Возвращаясь домой, я думал о том, как быстро меняются времена: сейчас союзники устраивали засады своим вчерашним собратьям по оружию, охотились за ними по узким и извилистым улицам старого города, у ратуши.
Из окна моей гостиницы я долго смотрел на пустую площадь Де-Брукера, оцепленную английскими войсками. И снова вспомнились мне первые дни сентября. Как восторженно встречал союзников Брюссель! Бушующая толпа закрывала проход для танков и машин. Бесконечные хороводы кружились на середине улицы, плясали все от мала до велика. Гремела музыка. Пение неслось из толпы, с балконов, из окон, раздавалось с брони танков и с крыш автобусов.
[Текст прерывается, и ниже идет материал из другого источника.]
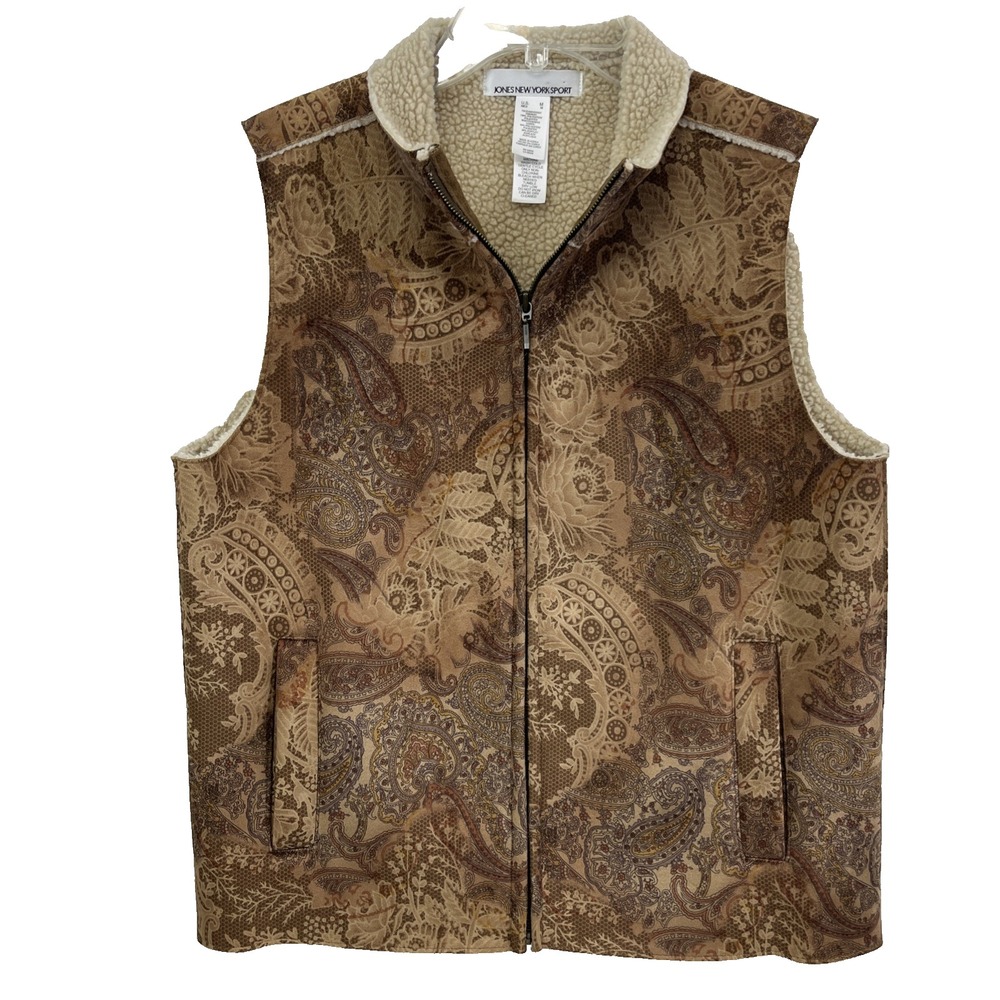VTG Jones New York Sport Women's Vest Size M Brown Paisley Sherpa Lined Zip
Площадь Де-Брукера была забита народом и войсками несколько дней кряду. Толпа кипела в гигантском хороводе, захватившем весь плац. Рупор звонко разносил песенку английских солдат прошлой мировой войны: «Путь далек до Типперэри». Вся площадь подхватывала куплеты. С самого раннего утра толпа собиралась под окнами нашей гостиницы и расходилась только поздней ночью. И весь день снизу неслись смех и песни, звучало это мощное, напоминающее звон металла: It is long way to Tipperary…
Теперь площадь была пуста и молчалива. Холодный ветер гнал по мостовой пыль, нес какие-то обрывки бумаги. Лишь у подъездов гостиниц, занятых штабами, группками стояли офицеры.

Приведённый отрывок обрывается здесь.